Once you find the line with "Regular Fit Coat Dark Brown" in the entries below, print it and each line after it up to and including the line with "Papier Cadeau Furet", exactly, without pictures.

DATA EXCERPTS –
_ _ _

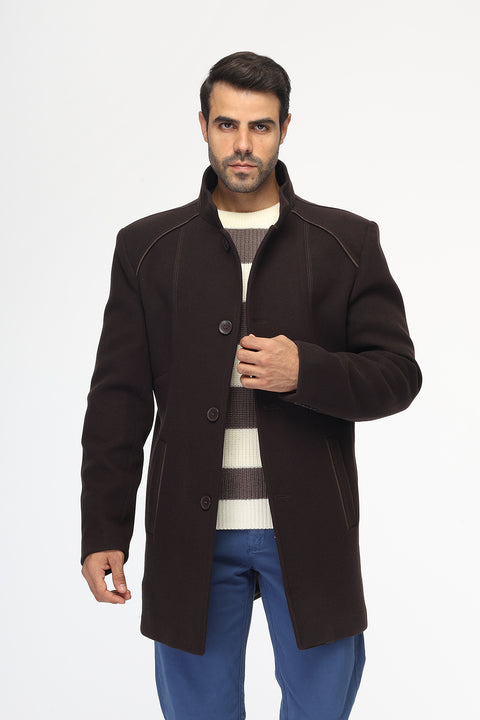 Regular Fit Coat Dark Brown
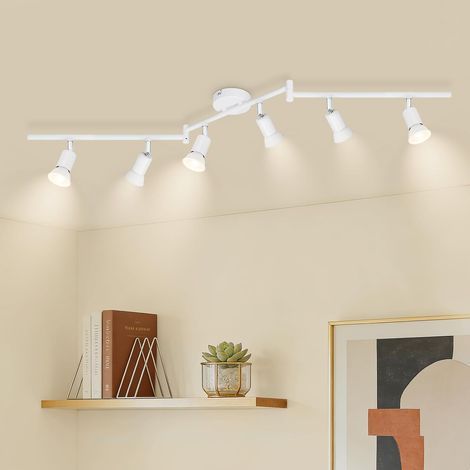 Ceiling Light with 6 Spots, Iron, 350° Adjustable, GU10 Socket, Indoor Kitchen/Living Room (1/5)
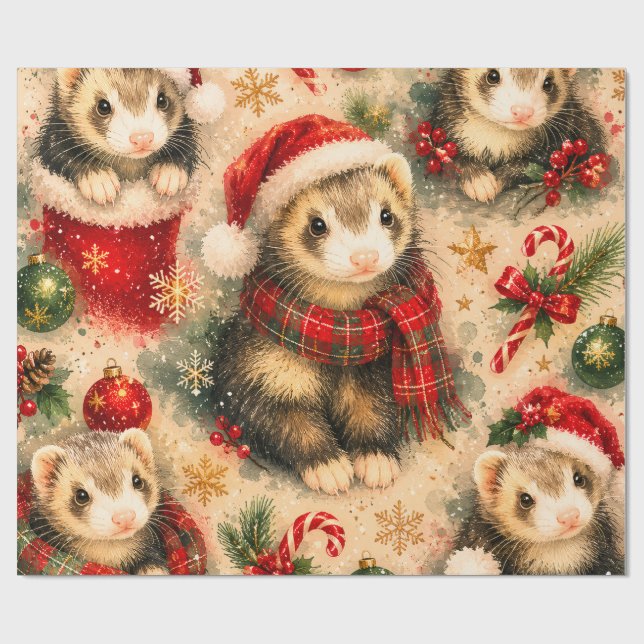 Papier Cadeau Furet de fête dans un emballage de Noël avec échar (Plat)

_ _ _

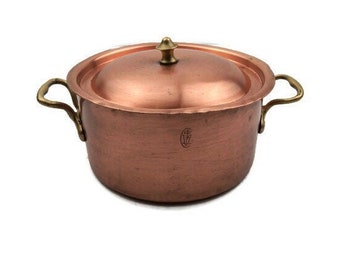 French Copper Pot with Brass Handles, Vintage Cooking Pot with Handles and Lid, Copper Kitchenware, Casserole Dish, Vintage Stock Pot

_ _ _

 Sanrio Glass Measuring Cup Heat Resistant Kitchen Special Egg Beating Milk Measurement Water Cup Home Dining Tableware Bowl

_ _ _

EXPECTED OUTPUT –
 Regular Fit Coat Dark Brown
 Ceiling Light with 6 Spots, Iron, 350° Adjustable, GU10 Socket, Indoor Kitchen/Living Room (1/5)
 Papier Cadeau Furet de fête dans un emballage de Noël avec échar (Plat)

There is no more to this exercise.